Sinar5news.com – Jakarta – Gubernur DKI Jakarta, Pramono Anung, menegaskan bahwa kondisi Jakarta saat ini sepenuhnya aman bagi seluruh masyarakat untuk beraktivitas. Ia mengajak semua pihak bersatu menjaga Jakarta agar tetap menjadi kota yang aman, nyaman, dan ramah bagi siapa saja.

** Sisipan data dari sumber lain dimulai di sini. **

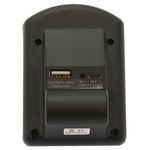 digibuddy-5701-incarcator-pentru--acumulatori-tip-canon-lp-e6-52838-2-823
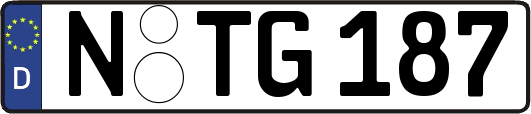 N-TG187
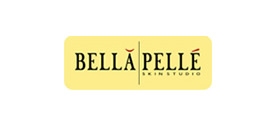 Bella Pelle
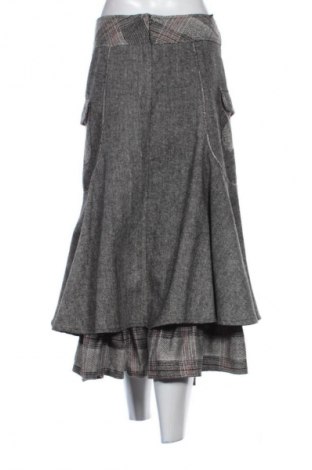 Rock Julien, Größe L, Farbe Mehrfarbig, Preis 11,86 €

“Semua tempat penuh sesak seperti ini. Hal ini menunjukkan bahwa Jakarta betul-betul sudah aman. Untuk itu, mari kita jaga bersama agar Jakarta menjadi kota yang aman, nyaman, sekaligus membuat setiap orang merasa dihargai, dihormati, dan mendapat kesempatan yang sama,” kata Pramono saat menghadiri acara Jaga Jakarta Penuh Warna di Bundaran Hotel Indonesia (HI), Jakarta Pusat, Minggu (28/9). Pramono hadir didampingi Wakil Gubernur DKI Jakarta, Rano Karno.

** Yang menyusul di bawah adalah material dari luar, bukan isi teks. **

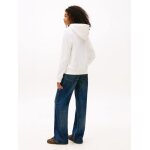 ΓΥΝΑΙΚΕΙΟ TJW REG ESS LOGO 2 HOODIE EXT TOMMY JEANS DW0DW21962-XJP - Image 4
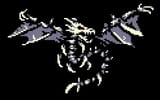 Necrodragon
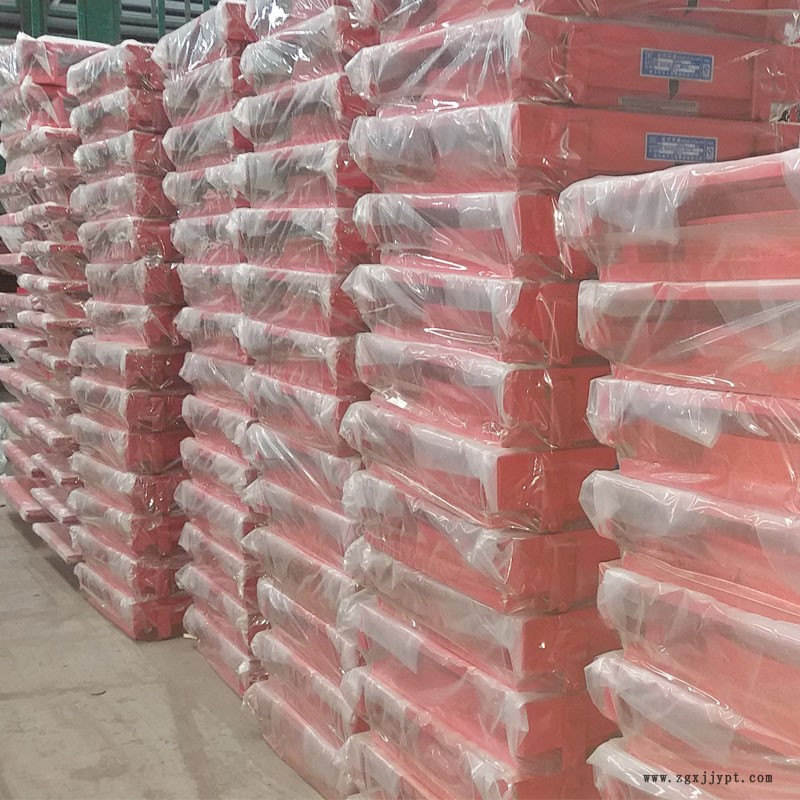 供應(yīng)卓正橡塑 鉛芯支座 氯丁橡膠支座 生產(chǎn)廠家廠家直銷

Acara yang digelar bertepatan dengan Car Free Day ini berhasil menarik warga dari berbagai wilayah. Mereka datang menikmati kegiatan yang memadukan olahraga dan pertunjukan budaya di kawasan ikonik Bundaran HI.
Pramono mengapresiasi semua pihak yang mendukung acara ini, termasuk swasta dan masyarakat. Menurutnya, kolaborasi tersebut menjadi bukti nyata persatuan warga dalam membangun Jakarta sebagai kota global, sekaligus tetap menjaga akar budaya.

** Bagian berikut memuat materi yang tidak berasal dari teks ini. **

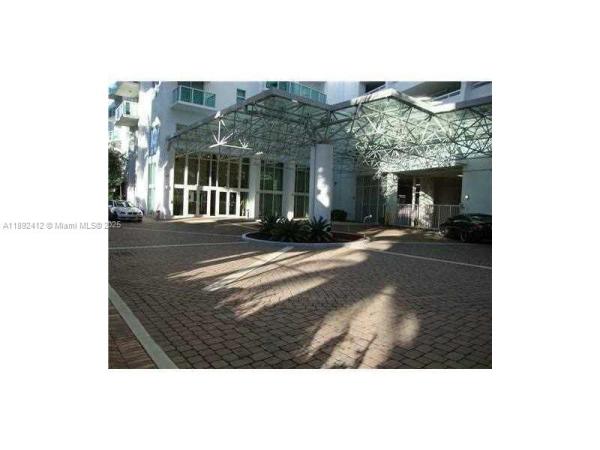 Brickell On The River North Tower, 31 SE 5 St #405, Miami, Florida 33131, image 1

“Dengan tema Jaga Jakarta, kita ingin mengingatkan bahwa kota ini bukan sekadar tempat tinggal, tapi rumah bersama yang harus dirawat. Warna-warni Jakarta akan tetap indah jika semua ikut berperan. Yang paling penting, jaga hati, insyaAllah kita semua mendapat keberkahan,” ucapnya.
Sementara itu, Wakil Gubernur Rano Karno menjelaskan bahwa acara Jaga Jakarta Penuh Warna merupakan gelaran kedua yang mengangkat seni dan budaya di tengah masyarakat saat momentum Car Free Day. Kegiatan ini juga sekaligus memperingati Hari Olahraga Nasional.
“Olahraga bukan hanya soal kompetisi, tapi juga bisa menjadi media ekspresi seni untuk menghibur masyarakat,” ujar Rano.
Ia menambahkan, kolaborasi warga menjaga Jakarta semakin terasa pascaunjuk rasa beberapa waktu lalu. Berbagai elemen masyarakat ikut menjaga fasilitas umum, mulai dari pasukan pelangi, pelajar SMA/SMK, hingga pengemudi ojek online.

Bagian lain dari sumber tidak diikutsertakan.